Activity ▸ Exactly the lines below from the one with "RJSJ-334商品缩略图" up to and including the one with "20260101 - NovoCross - Womens-89" make up the answer, with nothing else added.

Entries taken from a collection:

=======

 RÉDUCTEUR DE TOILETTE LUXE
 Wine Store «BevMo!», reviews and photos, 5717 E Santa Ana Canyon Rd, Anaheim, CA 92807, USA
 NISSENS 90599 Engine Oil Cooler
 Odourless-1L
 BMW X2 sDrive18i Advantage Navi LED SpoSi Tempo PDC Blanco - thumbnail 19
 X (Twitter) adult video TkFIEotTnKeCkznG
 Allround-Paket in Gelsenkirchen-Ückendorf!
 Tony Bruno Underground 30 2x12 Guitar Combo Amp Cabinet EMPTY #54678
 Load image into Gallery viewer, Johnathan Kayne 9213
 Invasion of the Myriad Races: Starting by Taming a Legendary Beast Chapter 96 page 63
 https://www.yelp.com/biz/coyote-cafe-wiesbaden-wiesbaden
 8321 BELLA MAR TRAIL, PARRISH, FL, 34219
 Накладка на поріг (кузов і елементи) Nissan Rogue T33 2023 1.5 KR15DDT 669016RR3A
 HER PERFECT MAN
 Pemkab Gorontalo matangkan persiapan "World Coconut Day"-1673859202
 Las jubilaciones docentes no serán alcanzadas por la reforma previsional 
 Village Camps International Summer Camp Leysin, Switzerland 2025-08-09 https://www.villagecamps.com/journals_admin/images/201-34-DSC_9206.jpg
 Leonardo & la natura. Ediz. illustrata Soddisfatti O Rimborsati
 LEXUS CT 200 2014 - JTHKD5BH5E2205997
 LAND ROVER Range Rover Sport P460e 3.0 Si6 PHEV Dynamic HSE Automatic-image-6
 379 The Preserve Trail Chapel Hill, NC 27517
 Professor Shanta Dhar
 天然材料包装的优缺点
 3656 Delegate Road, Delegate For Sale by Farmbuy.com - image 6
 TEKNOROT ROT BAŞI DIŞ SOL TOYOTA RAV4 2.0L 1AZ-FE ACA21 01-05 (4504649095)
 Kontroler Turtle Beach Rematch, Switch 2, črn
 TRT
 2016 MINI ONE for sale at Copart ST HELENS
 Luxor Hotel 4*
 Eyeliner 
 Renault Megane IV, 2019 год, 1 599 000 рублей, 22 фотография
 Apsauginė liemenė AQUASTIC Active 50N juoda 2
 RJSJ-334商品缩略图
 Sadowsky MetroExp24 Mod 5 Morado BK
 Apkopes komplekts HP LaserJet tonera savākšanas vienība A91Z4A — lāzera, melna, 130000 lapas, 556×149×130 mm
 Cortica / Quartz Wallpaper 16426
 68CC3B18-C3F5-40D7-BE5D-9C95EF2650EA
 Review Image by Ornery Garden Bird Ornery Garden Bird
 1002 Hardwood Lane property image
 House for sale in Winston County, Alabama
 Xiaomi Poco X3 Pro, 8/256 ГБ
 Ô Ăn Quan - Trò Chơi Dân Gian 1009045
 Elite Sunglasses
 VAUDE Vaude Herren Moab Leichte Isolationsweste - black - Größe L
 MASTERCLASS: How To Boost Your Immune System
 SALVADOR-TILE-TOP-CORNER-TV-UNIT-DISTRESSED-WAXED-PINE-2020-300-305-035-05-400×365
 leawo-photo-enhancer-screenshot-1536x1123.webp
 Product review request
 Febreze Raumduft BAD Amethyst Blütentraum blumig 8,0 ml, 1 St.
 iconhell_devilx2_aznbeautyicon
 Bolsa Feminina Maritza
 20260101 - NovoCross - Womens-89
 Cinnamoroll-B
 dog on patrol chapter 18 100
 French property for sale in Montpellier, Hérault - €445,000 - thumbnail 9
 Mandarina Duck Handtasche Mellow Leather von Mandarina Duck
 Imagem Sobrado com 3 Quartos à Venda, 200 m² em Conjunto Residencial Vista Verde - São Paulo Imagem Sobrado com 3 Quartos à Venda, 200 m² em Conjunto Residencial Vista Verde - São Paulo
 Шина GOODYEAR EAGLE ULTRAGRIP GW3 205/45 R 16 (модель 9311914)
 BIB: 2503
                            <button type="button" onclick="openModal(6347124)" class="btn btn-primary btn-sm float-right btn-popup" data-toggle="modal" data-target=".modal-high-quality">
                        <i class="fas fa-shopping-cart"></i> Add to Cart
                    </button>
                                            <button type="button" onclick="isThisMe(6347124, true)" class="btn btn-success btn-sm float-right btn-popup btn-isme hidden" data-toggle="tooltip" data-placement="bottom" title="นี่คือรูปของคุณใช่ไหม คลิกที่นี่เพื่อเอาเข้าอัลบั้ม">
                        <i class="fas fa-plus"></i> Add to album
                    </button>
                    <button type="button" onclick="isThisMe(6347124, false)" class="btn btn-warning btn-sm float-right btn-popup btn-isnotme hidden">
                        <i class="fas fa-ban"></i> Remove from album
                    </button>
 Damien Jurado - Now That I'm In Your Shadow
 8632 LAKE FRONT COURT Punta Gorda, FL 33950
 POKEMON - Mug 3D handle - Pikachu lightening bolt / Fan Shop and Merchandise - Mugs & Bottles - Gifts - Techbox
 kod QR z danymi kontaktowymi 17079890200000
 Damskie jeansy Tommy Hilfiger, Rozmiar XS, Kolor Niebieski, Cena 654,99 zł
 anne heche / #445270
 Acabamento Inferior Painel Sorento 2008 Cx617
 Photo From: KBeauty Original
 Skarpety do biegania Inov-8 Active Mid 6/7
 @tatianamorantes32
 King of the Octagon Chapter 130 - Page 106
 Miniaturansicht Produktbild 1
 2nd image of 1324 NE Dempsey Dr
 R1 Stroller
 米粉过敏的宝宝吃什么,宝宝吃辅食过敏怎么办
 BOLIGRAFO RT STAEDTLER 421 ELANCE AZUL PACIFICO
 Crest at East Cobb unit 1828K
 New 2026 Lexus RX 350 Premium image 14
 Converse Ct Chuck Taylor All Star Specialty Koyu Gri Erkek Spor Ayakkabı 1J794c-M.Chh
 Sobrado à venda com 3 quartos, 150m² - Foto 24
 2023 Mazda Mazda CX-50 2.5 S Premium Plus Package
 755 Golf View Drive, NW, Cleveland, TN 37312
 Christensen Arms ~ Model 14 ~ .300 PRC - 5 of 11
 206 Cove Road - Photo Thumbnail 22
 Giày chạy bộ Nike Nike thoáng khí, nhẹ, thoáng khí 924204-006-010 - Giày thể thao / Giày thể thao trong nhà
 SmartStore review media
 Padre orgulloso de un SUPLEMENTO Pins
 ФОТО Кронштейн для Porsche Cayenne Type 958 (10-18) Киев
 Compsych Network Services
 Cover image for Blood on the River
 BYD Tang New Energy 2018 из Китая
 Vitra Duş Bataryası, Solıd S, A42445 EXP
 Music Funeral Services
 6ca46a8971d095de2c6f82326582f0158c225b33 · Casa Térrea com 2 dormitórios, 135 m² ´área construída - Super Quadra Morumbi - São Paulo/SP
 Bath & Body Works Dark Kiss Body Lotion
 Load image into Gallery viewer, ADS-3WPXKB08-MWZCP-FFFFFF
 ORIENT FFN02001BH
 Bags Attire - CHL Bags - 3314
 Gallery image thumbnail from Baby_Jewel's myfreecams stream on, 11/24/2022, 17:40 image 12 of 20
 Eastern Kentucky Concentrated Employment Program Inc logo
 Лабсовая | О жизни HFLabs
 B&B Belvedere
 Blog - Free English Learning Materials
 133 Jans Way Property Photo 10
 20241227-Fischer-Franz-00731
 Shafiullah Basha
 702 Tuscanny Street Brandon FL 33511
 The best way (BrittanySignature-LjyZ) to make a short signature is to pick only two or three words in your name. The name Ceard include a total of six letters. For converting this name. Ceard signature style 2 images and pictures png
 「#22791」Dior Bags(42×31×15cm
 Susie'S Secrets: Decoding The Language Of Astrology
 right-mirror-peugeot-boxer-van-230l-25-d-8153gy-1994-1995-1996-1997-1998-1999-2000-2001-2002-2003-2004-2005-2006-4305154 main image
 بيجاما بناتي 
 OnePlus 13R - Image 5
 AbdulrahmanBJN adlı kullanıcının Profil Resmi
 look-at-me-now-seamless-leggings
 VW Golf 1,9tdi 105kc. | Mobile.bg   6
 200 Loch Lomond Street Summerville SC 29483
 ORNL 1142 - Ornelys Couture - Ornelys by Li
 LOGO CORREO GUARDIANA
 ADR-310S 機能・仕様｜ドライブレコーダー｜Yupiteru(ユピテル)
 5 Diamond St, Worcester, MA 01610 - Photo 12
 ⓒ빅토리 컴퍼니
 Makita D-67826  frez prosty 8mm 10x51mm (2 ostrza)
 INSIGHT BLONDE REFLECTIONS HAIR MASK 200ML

=======

Reply ▸
 RJSJ-334商品缩略图
 Sadowsky MetroExp24 Mod 5 Morado BK
 Apkopes komplekts HP LaserJet tonera savākšanas vienība A91Z4A — lāzera, melna, 130000 lapas, 556×149×130 mm
 Cortica / Quartz Wallpaper 16426
 68CC3B18-C3F5-40D7-BE5D-9C95EF2650EA
 Review Image by Ornery Garden Bird Ornery Garden Bird
 1002 Hardwood Lane property image
 House for sale in Winston County, Alabama
 Xiaomi Poco X3 Pro, 8/256 ГБ
 Ô Ăn Quan - Trò Chơi Dân Gian 1009045
 Elite Sunglasses
 VAUDE Vaude Herren Moab Leichte Isolationsweste - black - Größe L
 MASTERCLASS: How To Boost Your Immune System
 SALVADOR-TILE-TOP-CORNER-TV-UNIT-DISTRESSED-WAXED-PINE-2020-300-305-035-05-400×365
 leawo-photo-enhancer-screenshot-1536x1123.webp
 Product review request
 Febreze Raumduft BAD Amethyst Blütentraum blumig 8,0 ml, 1 St.
 iconhell_devilx2_aznbeautyicon
 Bolsa Feminina Maritza
 20260101 - NovoCross - Womens-89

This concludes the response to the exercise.